# Regression
## Acquisition and Preparation Exercises
***

##### Let's set up an example scenario as perspective for our regression exercises using the Zillow dataset:

As a Codeup data science graduate, you want to show off your skills to the Zillow data science team in hopes of getting an interview for a position you saw pop up on LinkedIn. _You thought it might look impressive to build an end-to-end project in which you use some of their Kaggle data to predict property values using some of their available features_; who knows, you might even do some feature engineering to blow them away.  
    
         Your goal is to predict the values of single unit properties using the obervations from 2017.
***
_In these exercises, you will complete the first step toward the above goal: acquire and prepare the necessary Zillow data from the zillow database in the Codeup database server_.
***
1. Acquire bedroomcnt, bathroomcnt, calculatedfinishedsquarefeet, taxvaluedollarcnt, yearbuilt, taxamount, and fips from the zillow database for all 'Single Family Residential' properties.
***
2. Using your acquired Zillow data, walk through the summarization and cleaning steps in your wrangle.ipynb file like we did above. You may handle the missing values however you feel is appropriate and meaninful; remember to document your process and decisions using markdown and code commenting where helpful.
***
3. Store all of the necessary functions to automate your process from acquiring the data to returning a cleaned dataframe witn no missing values in your wrangle.py file. Name your final function wrangle_zillow.
***
***

In [2]:
from env import host, username, password, get_db_url
import os
import pandas as pd 

# 1.) 
- Acquire from the zillow database for all 'Single Family Residential' properties (2017) the following:
   - bedroomcnt
   - bathroomcnt
   - calculatedfinishedsquarefeet
   - taxvaluedollarcn
   - yearbuilt
   - taxamount
   - fips

In [5]:
# query needs to predict the values of single unit properties using observations from 2017
# single family residential is identified at id 261, this must be what is meant by single unit 
# unless 279, inferred single family residential, is relevant as well.
# inferred: deduced or concluded (information) from evidence and reasoning rather than from explicit statements.
# 279 contains a single value, should be fine to avoid. 

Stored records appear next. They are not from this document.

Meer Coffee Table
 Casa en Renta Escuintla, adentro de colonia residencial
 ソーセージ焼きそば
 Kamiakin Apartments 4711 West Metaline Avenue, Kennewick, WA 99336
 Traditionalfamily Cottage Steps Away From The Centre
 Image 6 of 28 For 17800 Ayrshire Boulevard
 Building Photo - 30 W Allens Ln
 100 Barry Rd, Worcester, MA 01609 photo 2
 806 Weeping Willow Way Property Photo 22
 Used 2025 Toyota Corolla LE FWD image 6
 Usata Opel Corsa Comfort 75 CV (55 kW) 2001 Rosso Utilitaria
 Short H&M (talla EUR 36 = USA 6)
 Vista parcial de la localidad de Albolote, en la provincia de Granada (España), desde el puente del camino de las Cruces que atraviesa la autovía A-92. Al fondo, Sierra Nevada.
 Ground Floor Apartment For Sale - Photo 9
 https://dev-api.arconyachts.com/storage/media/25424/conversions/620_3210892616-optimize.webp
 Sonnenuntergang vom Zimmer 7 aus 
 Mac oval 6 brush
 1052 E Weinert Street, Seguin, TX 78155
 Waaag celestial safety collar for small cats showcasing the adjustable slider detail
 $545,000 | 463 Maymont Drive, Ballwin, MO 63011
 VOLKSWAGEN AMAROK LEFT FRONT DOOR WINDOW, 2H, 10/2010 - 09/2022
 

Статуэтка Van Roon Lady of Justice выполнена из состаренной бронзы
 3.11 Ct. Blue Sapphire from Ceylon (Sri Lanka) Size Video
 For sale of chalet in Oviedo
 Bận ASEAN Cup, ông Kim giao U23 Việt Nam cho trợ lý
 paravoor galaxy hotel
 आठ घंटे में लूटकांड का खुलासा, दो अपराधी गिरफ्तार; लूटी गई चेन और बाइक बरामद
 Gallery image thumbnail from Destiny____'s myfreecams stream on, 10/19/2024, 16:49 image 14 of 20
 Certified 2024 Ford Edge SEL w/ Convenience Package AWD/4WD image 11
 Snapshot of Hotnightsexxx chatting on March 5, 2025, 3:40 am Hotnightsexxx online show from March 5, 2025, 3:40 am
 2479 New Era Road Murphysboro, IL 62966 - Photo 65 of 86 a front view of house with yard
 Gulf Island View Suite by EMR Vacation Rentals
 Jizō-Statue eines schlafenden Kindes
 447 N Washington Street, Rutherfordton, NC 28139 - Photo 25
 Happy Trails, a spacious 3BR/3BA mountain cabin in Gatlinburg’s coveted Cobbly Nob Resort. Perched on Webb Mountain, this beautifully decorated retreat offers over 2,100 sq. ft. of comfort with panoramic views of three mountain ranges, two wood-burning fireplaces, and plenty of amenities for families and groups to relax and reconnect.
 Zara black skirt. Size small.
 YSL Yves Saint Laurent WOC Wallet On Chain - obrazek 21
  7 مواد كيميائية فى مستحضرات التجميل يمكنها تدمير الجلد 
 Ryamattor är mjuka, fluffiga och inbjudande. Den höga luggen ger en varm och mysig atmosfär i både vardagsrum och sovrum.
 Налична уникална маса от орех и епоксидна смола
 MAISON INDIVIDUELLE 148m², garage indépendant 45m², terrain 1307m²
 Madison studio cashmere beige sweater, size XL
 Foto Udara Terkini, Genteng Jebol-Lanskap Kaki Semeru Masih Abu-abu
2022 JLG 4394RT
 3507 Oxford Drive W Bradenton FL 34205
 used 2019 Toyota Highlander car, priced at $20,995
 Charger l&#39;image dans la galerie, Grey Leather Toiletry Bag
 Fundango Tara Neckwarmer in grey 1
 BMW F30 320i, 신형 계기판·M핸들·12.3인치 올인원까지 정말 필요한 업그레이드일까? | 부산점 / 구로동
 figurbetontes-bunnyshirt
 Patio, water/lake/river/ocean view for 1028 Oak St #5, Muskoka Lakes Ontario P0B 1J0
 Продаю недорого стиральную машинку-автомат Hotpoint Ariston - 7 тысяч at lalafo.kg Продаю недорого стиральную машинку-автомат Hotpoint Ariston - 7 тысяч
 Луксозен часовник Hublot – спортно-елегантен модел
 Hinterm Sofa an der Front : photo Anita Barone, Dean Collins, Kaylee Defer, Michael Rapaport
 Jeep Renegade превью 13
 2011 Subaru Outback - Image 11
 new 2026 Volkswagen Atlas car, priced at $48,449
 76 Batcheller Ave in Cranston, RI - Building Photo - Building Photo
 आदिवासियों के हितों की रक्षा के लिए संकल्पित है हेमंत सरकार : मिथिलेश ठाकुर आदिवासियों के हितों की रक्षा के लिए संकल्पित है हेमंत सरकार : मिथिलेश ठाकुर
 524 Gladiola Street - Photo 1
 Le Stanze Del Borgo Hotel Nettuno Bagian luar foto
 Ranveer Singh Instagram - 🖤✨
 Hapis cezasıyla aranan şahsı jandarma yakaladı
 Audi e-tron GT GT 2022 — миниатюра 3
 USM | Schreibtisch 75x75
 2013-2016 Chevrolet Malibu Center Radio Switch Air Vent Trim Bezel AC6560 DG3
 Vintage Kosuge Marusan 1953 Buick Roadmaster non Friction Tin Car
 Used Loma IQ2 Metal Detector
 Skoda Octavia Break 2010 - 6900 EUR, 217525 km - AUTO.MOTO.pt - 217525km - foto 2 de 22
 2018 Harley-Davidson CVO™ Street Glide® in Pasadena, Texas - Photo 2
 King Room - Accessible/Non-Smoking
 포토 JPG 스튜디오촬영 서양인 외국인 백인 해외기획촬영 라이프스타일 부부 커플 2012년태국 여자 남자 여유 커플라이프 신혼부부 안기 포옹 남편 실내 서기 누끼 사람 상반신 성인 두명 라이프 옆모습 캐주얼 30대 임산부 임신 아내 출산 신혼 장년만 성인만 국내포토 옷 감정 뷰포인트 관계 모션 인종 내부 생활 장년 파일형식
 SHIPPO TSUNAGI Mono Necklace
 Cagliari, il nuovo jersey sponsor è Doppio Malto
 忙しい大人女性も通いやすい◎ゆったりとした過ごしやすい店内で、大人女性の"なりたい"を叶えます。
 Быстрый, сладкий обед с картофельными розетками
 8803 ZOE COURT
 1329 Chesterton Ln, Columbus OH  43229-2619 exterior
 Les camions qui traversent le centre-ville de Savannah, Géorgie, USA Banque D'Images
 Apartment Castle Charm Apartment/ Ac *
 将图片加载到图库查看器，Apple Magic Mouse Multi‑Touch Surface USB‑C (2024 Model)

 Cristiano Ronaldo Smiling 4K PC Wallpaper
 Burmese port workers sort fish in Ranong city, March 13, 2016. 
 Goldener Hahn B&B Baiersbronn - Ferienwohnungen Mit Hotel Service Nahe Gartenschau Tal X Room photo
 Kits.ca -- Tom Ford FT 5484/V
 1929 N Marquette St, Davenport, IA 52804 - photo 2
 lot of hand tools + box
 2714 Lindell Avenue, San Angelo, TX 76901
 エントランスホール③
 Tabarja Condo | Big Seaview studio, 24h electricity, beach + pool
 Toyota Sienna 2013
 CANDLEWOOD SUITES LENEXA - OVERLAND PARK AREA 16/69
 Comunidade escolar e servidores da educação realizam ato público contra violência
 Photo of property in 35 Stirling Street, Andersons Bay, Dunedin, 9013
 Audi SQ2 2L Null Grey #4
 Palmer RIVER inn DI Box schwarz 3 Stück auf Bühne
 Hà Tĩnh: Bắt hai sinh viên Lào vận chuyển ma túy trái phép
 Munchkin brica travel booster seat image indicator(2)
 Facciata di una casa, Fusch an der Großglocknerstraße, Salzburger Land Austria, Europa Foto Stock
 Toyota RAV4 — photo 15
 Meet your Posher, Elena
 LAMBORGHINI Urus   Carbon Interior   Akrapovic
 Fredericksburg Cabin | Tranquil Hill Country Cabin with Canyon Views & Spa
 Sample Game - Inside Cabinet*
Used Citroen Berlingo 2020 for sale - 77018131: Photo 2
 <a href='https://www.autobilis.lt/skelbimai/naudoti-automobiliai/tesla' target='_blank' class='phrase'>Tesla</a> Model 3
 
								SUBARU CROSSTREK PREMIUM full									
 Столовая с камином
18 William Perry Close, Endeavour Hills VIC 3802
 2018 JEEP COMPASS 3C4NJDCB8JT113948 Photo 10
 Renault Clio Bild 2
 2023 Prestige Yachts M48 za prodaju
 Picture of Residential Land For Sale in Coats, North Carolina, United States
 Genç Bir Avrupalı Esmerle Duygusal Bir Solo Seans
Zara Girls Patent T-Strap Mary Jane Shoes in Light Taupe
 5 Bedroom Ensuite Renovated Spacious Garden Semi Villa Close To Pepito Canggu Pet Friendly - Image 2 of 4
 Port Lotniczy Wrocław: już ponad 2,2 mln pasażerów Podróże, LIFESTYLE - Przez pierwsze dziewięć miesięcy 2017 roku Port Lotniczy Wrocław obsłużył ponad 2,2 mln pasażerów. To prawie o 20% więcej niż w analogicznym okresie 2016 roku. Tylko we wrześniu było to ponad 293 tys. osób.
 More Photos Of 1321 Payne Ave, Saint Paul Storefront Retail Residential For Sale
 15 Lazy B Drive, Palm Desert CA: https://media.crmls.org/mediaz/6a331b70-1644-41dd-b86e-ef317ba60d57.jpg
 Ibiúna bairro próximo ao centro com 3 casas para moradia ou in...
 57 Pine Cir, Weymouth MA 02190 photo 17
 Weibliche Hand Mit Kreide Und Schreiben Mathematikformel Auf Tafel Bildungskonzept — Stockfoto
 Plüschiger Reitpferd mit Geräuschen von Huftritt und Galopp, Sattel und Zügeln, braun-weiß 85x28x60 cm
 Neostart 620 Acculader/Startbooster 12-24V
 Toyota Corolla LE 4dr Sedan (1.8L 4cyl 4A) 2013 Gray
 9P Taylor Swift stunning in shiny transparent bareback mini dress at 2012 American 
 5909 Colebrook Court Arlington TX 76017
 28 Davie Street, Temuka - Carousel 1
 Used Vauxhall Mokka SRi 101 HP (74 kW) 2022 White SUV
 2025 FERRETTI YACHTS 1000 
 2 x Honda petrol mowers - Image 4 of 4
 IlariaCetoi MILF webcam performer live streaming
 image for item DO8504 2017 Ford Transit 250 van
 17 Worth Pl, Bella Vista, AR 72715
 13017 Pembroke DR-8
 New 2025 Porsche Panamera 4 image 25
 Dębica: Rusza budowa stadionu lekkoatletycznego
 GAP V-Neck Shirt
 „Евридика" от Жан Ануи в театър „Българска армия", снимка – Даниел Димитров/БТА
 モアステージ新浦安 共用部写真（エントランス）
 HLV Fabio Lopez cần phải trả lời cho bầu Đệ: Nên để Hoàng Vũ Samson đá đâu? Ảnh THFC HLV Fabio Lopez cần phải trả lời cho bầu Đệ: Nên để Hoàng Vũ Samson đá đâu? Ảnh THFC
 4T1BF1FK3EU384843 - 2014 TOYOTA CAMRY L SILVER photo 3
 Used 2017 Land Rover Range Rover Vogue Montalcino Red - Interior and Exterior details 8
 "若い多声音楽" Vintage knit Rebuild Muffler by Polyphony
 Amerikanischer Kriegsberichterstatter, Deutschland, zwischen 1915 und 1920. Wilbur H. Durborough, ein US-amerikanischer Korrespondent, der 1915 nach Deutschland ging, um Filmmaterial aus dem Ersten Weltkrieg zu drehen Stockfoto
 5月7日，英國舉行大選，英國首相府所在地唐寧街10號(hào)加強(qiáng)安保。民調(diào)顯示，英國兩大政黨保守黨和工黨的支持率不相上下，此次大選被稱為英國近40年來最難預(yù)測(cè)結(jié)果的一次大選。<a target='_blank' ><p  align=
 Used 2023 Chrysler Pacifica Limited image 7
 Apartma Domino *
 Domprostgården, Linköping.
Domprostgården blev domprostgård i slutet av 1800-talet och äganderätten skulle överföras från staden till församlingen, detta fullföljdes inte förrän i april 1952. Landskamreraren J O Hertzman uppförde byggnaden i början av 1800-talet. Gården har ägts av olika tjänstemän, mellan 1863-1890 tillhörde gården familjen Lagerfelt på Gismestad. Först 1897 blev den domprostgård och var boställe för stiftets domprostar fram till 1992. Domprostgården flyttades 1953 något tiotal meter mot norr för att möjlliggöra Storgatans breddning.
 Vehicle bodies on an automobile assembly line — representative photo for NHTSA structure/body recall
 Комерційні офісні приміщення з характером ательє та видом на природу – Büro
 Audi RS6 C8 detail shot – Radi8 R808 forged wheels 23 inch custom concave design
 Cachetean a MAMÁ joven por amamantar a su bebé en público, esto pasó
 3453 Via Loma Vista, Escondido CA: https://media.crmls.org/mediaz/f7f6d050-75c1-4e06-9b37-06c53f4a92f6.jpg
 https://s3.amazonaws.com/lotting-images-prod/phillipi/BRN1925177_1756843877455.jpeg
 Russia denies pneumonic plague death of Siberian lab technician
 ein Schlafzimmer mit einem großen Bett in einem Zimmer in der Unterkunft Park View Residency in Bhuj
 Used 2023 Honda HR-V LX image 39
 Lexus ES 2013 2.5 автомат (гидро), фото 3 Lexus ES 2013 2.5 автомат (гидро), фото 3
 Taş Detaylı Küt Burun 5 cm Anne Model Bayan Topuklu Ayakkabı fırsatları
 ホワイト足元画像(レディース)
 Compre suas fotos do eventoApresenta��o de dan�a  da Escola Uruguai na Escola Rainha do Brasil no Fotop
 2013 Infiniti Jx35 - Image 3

# propertylandusetypeid will be the foreign key for joining propertylandusetype

def acquire_zillow_data(use_cache=True):
    if os.path.exists('zillow.csv') and use_cache:
        print('Using cached CSV')
        return pd.read_csv('zillow.csv')
    print('Acquiring data from SQL database')
    df = pd.read_sql('''
                    SELECT bedroomcnt, bathroomcnt, calculatedfinishedsquarefeet,
                    taxvaluedollarcnt, yearbuilt, taxamount, fips
                        FROM properties_2017
                        JOIN propertylandusetype USING(propertylandusetypeid)
                        WHERE propertylandusetypeid = 261
                     '''
                    , get_db_url('zillow'))
    df.to_csv('zillow.csv', index=False)
    
    
    return df

In [9]:
df = acquire_zillow_data()

Using cached CSV


In [10]:
df.head()

Unnamed: 0,bedroomcnt,bathroomcnt,calculatedfinishedsquarefeet,taxvaluedollarcnt,yearbuilt,taxamount,fips
0,0.0,0.0,,27516.0,,,6037.0
1,0.0,0.0,,10.0,,,6037.0
2,0.0,0.0,,10.0,,,6037.0
3,0.0,0.0,,2108.0,,174.21,6037.0
4,4.0,2.0,3633.0,296425.0,2005.0,6941.39,6037.0


##### Nailed it. 
                                                      
                                                      moving on.

# 2.)
Using your acquired Zillow data, walk through the summarization and cleaning steps in your wrangle.ipynb file like we did above. You may handle the missing values however you feel is appropriate and meaninful; remember to document your process and decisions using markdown and code commenting where helpful.